Most people live their entire lives trying to meet other people's expectations, pursue other people's definitions of success, play games with rules they never agreed to. The Übermensch creates their own meaning, their own goals, their own measures of success.

This is what it means to play your own game. Not rejecting all social norms out of nihilism, but thoughtfully choosing which games are worth playing and which rules are worth following.

Conclusion

If I could actually send this letter back to that twelve-year-old boy with the laptop, I'm not sure he would understand it all. But maybe that's the point. The most important lessons can only be learned through experience, not explanation.

What I hope he would understand is this: that laptop isn't just a tool for playing games or even for learning to code. It's a gateway to seeing the world differently. It's an invitation to understand that reality itself operates on principles that can be learned, systems that can be improved, games that can be redesigned.

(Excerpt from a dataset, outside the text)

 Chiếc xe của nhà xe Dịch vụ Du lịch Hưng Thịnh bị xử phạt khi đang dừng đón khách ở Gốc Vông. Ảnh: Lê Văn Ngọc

The technical skills will come and go. Programming languages will evolve. Technologies will become obsolete. But the way of thinking—the systems lens, the learning by doing, the courage to play your own game—these become part of how you see everything.

That's the real gift my cousin gave me, though neither of us knew it at the time. Not access to a computer, but access to a way of thinking that would shape everything that came after.

The butterfly has already flapped its wings. The future has already been changed. This letter is just an attempt to understand how.